たとえ、信じたあげく、痛い思いをしてもいいのです。「信じる」という無邪気さのほうが無敵だから。とはいえ、イヤなことだってありますよね。そうしたら、「イヤだな」は1回だけ言ってもいい。「かもしれない」とか「こう思っているに違いない」などの推測はダメ。
そして、まれにグチを言うときも、一緒に噂話に興じる相手ではなく、「あなた、ほかは潔いのに、その件だけはダメよね、しっかりしなさいよ」と鼻で笑ってくれる、クールビューティな女友達に吐き出すのが理想です。
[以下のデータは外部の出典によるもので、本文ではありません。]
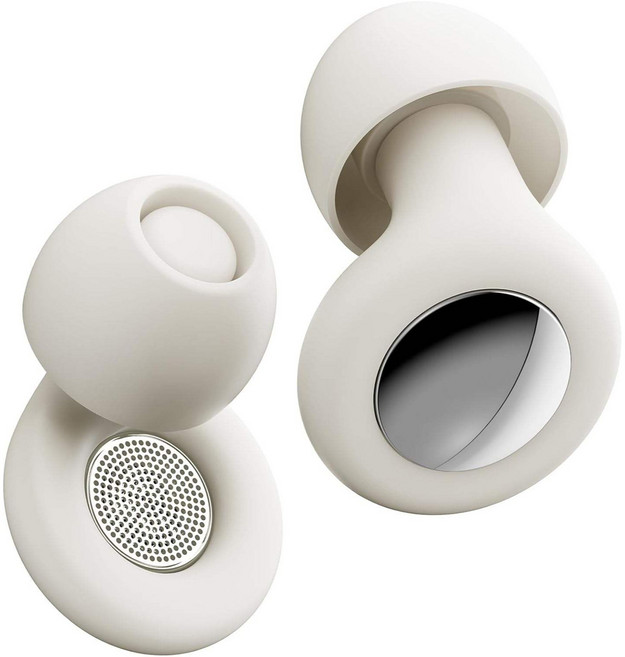 헬스퍼스트 소음차단 실리콘 수면 귀마개 화이트 HF-SSE-W, 1개, 2개입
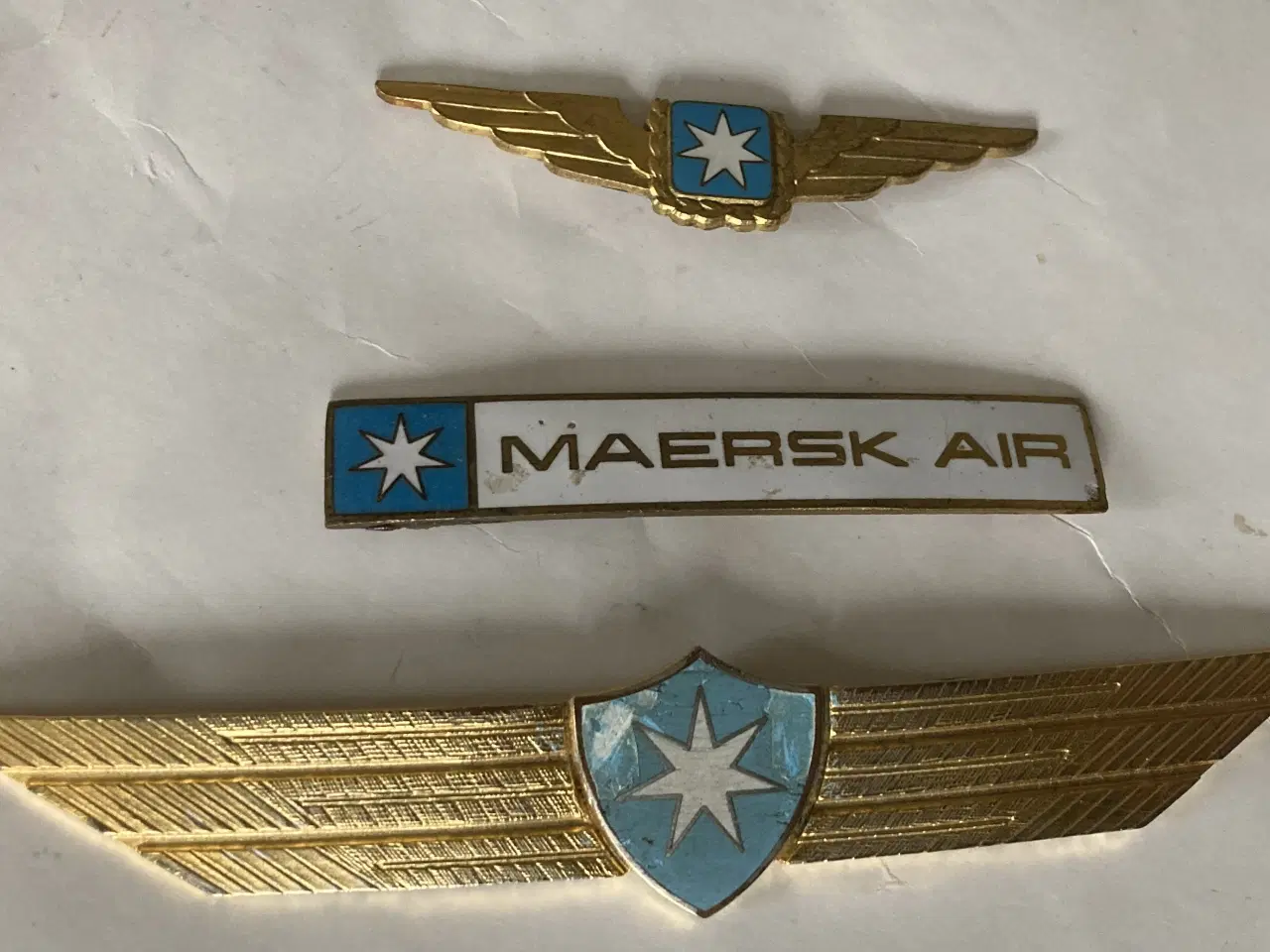 Billede 1 - 3 Emblem Flyselskab Mærsk Air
間違っても、悪口やネガティブな想像を増幅させる女友達と仲よくするのは避けましょう。
「心のクセ」をポジティブに変えるコツ
それから、言葉はもちろんですが、ネガティブな考えをめぐらすのもやめましょう。
同じ思考をすると、その回路に電気信号が流れやすくなり、ネガティブのクセがつきます。周囲の事象からも、ネガティブなものが目に飛び込んでくるようになります。
そうすると、人のマイナス点ばかり目につくし、何気なく入ったお店でネガティブな出来事に遭いやすくなったりします。ということは、「いい男がいない」と言いながら暮らしていたら、いい男が目に入らなくなってしまうってこと。
また、ミスをしたら、ずっとそのことばかり考えているのはダメ。それを思い出した瞬間に、失敗した回路に電気信号が上書きされ、流せば流すほどそこの回路が太くなり、そのミスにとらわれてしまいます。
たとえばゴルフで「このあいだ、こう打って失敗したから、ああ打とう」なんて反省から入る人。失敗を思い返したら、脳の失敗回路に信号が流れ、同じ失敗をしやすくなってしまうのです。
幸運を引き寄せるには、反省はしすぎないこと
反省は「いいこと」のようだけれど、脳には意外とやっかい。失敗したことの分析は一回だけにして、あとは成功イメージだけを思うのがポイントです。
最初は、ポジティブに考えることが難しいかもしれないけれど、これもエクササイズ。嘘でもいいからそういう思考にすると、心にクセがつくから大丈夫。
脳が悪い記憶を消すまでに要する時間は、四十九日。1週間でも効果を感じられますが、最低でも四十九日は試してみてください。
すると、気持ちがピュアになるだけでなく、いい出会いがあったり、「いいこと」が起こるようになったりするはずです。